The sight of a single car on the road in traffic-heavy Washington, D.C. was enough to catch my eye, but this photo was intriguing for other reasons as well.
The car is front and center, but clearly the U.S. Capitol rising prominently behind it is key to the composition. And the photographer seems to be standing in the middle of the empty street. Reading the caption offers a hint of what is going on: Ford Motor Co., Lincoln at Capitol. The car is indeed the focus, and I would suspect this photo is advertising the featured Lincoln automobile. Ford Motor Company purchased Lincoln in 1922, and a close look at the high resolution file confirms this is a Lincoln and the license plate reads 1924.
It turns out, though, that this image is hardly an isolated example of American auto companies using prominent Washington, D.C. landmarks as backdrops for their latest models. The Paige Motor Co. staged nearly the same photograph as Ford. Many other car companies, most of them defunct, photographed their cars in front of various D.C. buildings and monuments.
Take a tour of the capital city through a sample of these photographs. First stop: the Library of Congress!
Now, on to the White House:
The Lincoln Memorial was another popular location. (Note that this photo also manages to advertise Post Bran Flakes, featured on the side of the truck.)
Oldsmobile tried a more natural scene and added two ladies, placing the car in Rock Creek Park in Washington, D.C.:
Learn More:
- All of the photographs featured come from the National Photo Company collection. Search the collection online for a view of life in the Washington, D.C. area in the first part of the twentieth century.
- Enjoy more photographs related to Ford Motors throughout the Washington, D.C. area. Take a look at where else Oldsmobile took their cars on the road. Explore more photos of Argo autos, as well as the wide variety of vehicles produced by Semmes Motor Company within this assortment of images related to the company.

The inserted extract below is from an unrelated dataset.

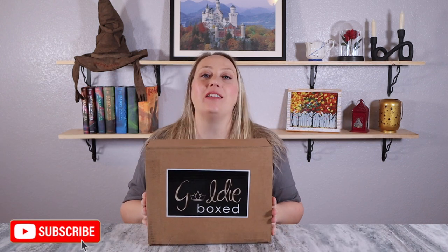Hey everyone, welcome back to my channel and welcome to another Goldie Box unboxing — this is the winter Goldie Box. It did finally arrive. All of the information is listed in the description box below. There are four different tier options ranging from $21.99 to $59.99. All of them are completely customizable except the first tier, which is a surprise bear tier where you just get three random items.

- Cruise through more images related to automobiles in the 1910s and the 1920s in the Prints and Photographs Division’s collections.
Comments (5)
These photos are beautiful…BRAVO!
I have done mural B&W glass negs and such ; these would be fun to print .Then hand tint the photos!
Great post!
It seems that photo companies like National (in these examples) were hired by manufacturers to produce photos. Some, like these, would have been used to promote and advertise products. (Maybe National also helped place them in newspapers, their usual customers.) Other (presumably) commissioned imagery documents a manufacturer’s facility. For example, search for images of the Ford Motor Company in the Detroit Publishing Company Collection (http://www.loc.gov/pictures/collection/det/). Also in the Detroit collection are photos of the National Cash Register Company facility in Dayton, Ohio. But NCR also commissioned the photography of cash registers in situ in many countries in the world, probably to support promotion and advertising. (Search the Detroit collection for “cash registers.”) In that day, probably before Ford and NCR had their own staff photographers, these commissioned negatives stayed with the photo companies and, for that reason, they have found their way into the Library’s collections. Yay!